→ WHAT YOU NEED TO DO
Drop every picture, then repeat the records exactly.
[INPUT RECORDS Boundary: Start]
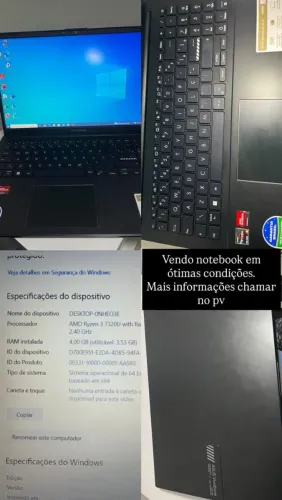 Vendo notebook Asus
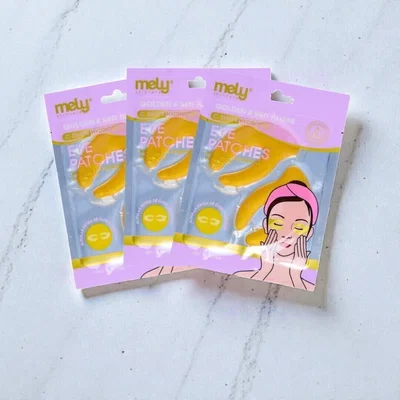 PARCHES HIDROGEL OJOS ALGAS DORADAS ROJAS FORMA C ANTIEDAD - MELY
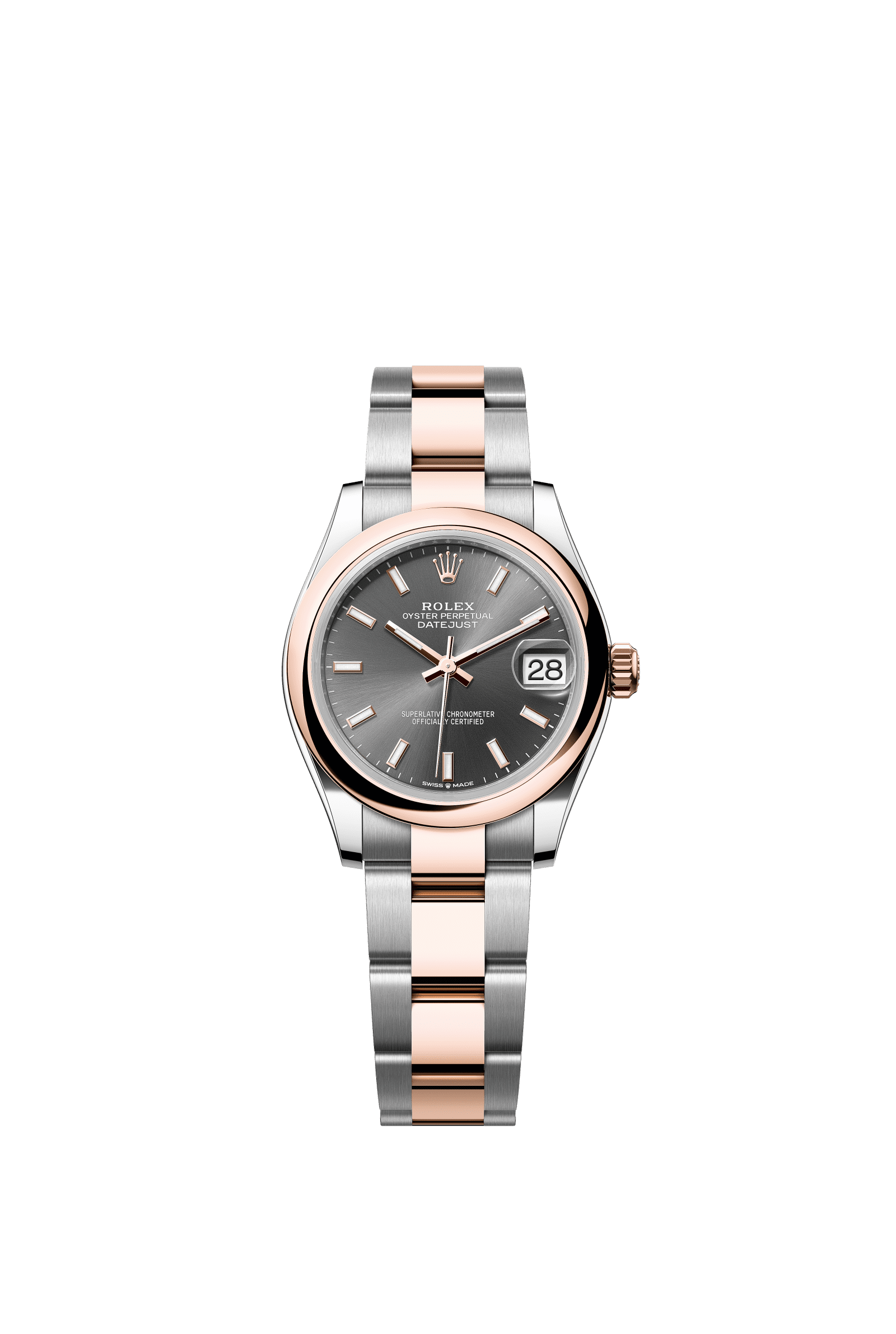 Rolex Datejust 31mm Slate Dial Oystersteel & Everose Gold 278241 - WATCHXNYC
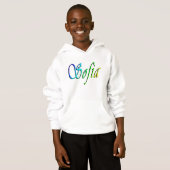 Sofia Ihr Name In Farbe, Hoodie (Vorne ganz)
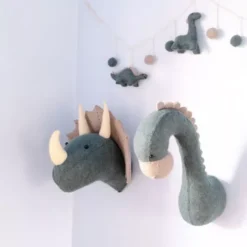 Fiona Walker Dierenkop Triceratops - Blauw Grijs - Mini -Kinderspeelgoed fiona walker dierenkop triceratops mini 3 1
[INPUT RECORDS Boundary: End]
→ RESULT FOR THIS TASK
 Vendo notebook Asus
 PARCHES HIDROGEL OJOS ALGAS DORADAS ROJAS FORMA C ANTIEDAD - MELY
 Rolex Datejust 31mm Slate Dial Oystersteel & Everose Gold 278241 - WATCHXNYC
 Sofia Ihr Name In Farbe, Hoodie (Vorne ganz)
 Fiona Walker Dierenkop Triceratops - Blauw Grijs - Mini -Kinderspeelgoed fiona walker dierenkop triceratops mini 3 1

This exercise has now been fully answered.